“I can be changed by what happens to me.
But I refuse to be reduced by it.”
How are you holding up?
These are hard times for so many people. It’s difficult to wrap my brain and heart around the myriad changes in our world and the suffering of so many. We are all challenged in this historic time to be resilient, to be changed by what happens but not to be reduced by it.
A favorite blogger of mine, Eric Barker, recently wrote about this, so I thought I would share some of his ideas in the hope that they might be as helpful to you as they are to me. I strongly urge you to read his complete post, but I’ll summarize a small part until you do.
First we need to give ourselves the gift of positive self-talk. Positive thoughts are not enough. When we can give ourselves verbal messages of hope and strength — such as “I can do this,” “I’m strong and resilient,” “This will get better,” — the words tend to stick. It also helps to verbalize our fears and anxiety if we follow that with mantras of endurance and strength.
Next, to be strong mentally we need to be strong physically. With so many of our usual ways of exercising impossible now, it’s become a challenge to keep moving. I find walking with Proman every morning both good for my body — “a walk a day keeps the virus away?” — and good for my soul. Having the opportunity to breathe fresh air, to listen to mockingbirds sing, and to move freely makes a big difference in my day.
Follow exercise with humor. Humor is the emotional equivalent of washing your hands to protect yourself. Every time we can find humor in a difficult situation we become stronger. Mark Twain wrote, “Humor is mankind’s greatest blessing.” These days our television is often tuned to comedy specials on Netflix. It’s so cleansing just to enjoy a belly laugh every day.
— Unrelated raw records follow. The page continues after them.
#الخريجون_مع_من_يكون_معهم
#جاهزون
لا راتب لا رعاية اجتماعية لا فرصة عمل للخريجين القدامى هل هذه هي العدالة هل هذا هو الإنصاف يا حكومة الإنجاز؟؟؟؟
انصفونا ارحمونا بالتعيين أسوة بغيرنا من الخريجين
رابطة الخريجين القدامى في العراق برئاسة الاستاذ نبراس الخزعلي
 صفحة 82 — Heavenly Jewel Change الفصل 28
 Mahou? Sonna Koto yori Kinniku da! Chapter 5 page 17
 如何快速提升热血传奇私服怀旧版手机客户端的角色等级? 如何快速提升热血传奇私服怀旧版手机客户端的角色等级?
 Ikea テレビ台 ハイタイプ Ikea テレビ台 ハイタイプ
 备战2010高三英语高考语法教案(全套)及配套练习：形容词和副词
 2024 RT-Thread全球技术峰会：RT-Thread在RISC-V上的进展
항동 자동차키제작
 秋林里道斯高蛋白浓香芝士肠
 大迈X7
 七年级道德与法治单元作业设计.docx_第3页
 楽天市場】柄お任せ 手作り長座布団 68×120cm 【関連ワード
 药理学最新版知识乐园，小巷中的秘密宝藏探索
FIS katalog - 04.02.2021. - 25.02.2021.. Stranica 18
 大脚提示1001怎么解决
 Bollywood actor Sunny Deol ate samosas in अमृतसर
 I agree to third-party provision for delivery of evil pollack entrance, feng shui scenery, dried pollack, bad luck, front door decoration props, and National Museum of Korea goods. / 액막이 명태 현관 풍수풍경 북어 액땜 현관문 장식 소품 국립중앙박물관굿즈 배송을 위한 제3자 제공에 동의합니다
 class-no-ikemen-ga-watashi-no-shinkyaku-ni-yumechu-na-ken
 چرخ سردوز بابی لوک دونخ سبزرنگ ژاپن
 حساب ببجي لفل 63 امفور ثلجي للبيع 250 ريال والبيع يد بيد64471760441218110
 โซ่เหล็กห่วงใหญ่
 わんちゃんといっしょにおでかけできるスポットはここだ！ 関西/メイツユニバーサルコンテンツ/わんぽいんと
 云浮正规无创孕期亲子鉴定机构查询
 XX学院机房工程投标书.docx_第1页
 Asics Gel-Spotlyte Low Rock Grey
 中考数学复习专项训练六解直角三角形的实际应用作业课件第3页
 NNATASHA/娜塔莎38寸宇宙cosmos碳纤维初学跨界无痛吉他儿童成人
And last—for this summary—foster meaning in your life. During a crisis we might ignore all the ifs, ands, and buts of religion and get down to the big questions of why we suffer and what is our purpose. The answers are many and varied, but in this time of uncertainty we have the opportunity to wrestle with the questions and form the answers that are right for us.
I hope this critical time in all our lives helps us develop resilience, and when better times are on the horizon, we can look back and feel glad and even proud that we learned how to pick ourselves up and move forward.